TEMPO.CO, Jakarta - Dua alumnus Dewan Perwakilan Daerah atau DPD yaitu Muspani dan Bambang P Soeroso mengirimkan surat pengaduan ke Badan Kehormatan Dewan Perwakilan Daerah atau BK DPD terkait surat seruan peninjauan ulang keberadaan Mahkamah Konstitusi (MK) yang dibuat oleh Wakil Ketua DPD Nono Sampono.
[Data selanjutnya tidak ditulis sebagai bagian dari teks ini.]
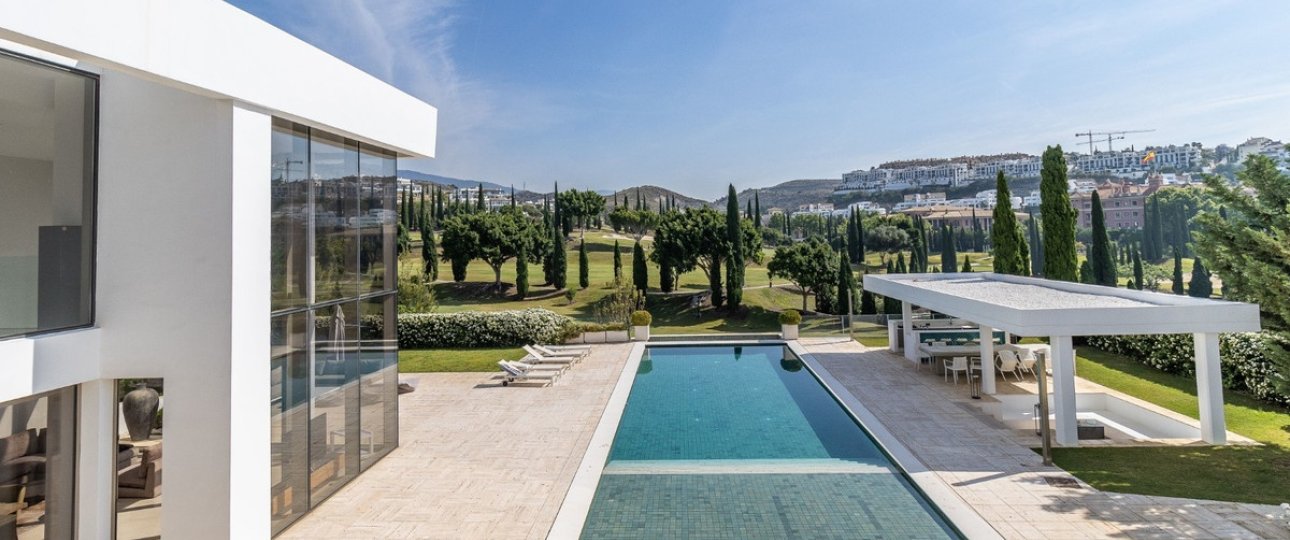Resale - Villa - Benahavís - Benahavís Centro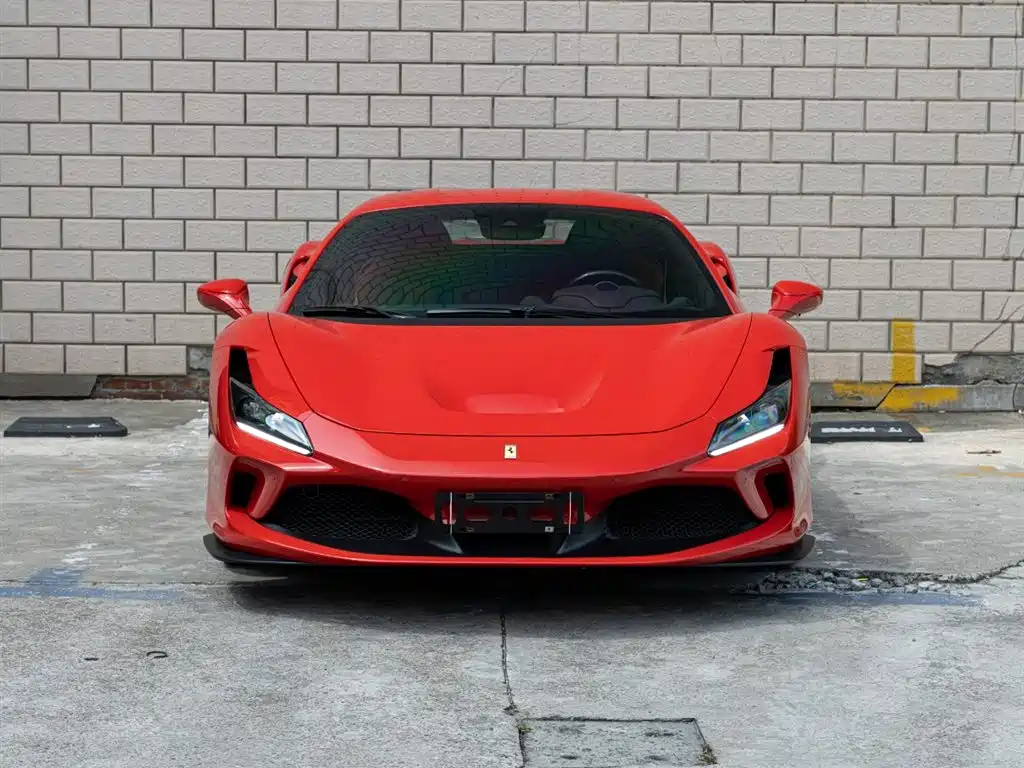FERRARI F8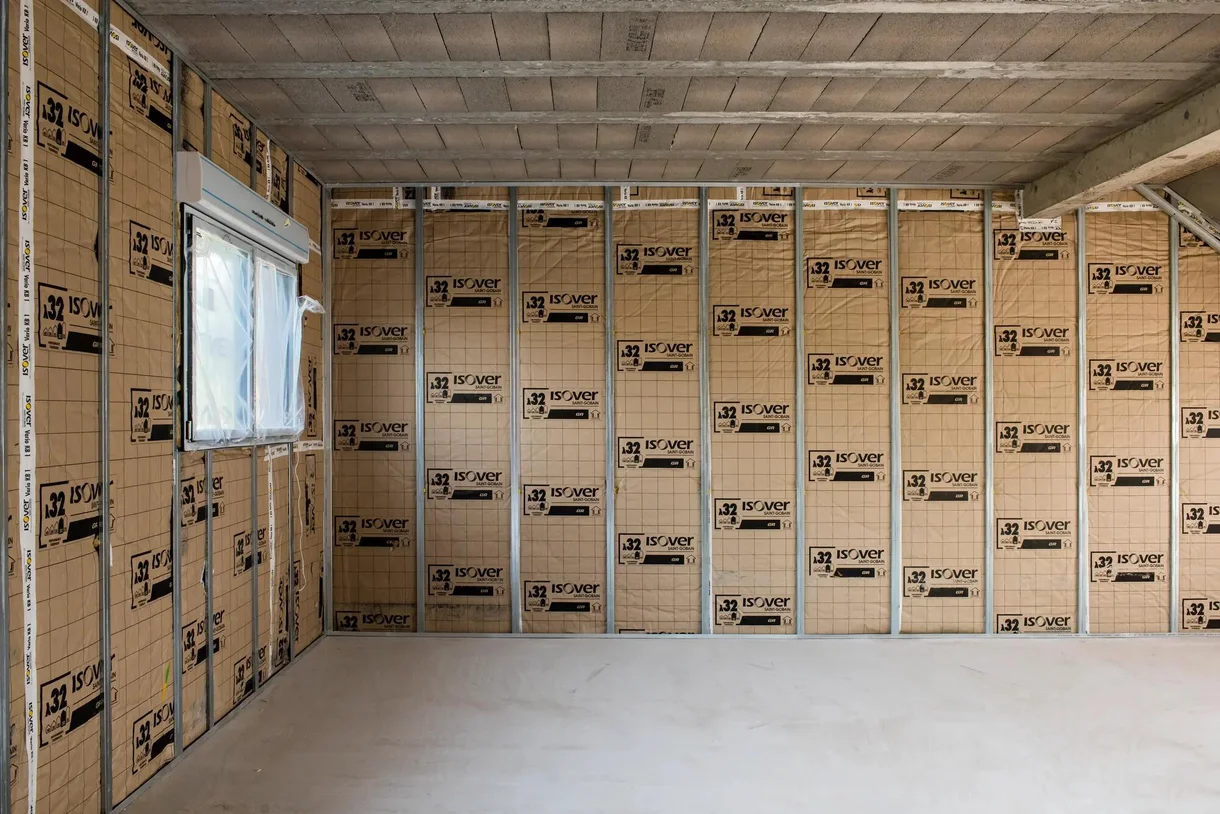 isolation des mûrs par intérieur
Baca juga: Polemik OSO Dilarang Jadi Caleg, DPD Minta Jokowi Tinjau MK
Muspani, anggota DPD periode 2004-2009 mengatakan surat itu dikirim setelah melihat dampak surat yang dikeluarkan Nono Sampono itu terhadap lembaga DPD.
“Kami diskusikan, wah ini besar dampaknya. Jadi kami bersikap,” ujar Muspani kepada Tempo, Selasa 13 November 2018.
Muspani mengatakan, keliru bila keputusan penting seperti itu hanya mengatasnamakan pribadi wakil ketua DPD saja. Seharusnya, kata Muspani, untuk mengirim surat kepada lembaga negara lain memerlukan keputusan yang dirumuskan dalam sidang paripurna.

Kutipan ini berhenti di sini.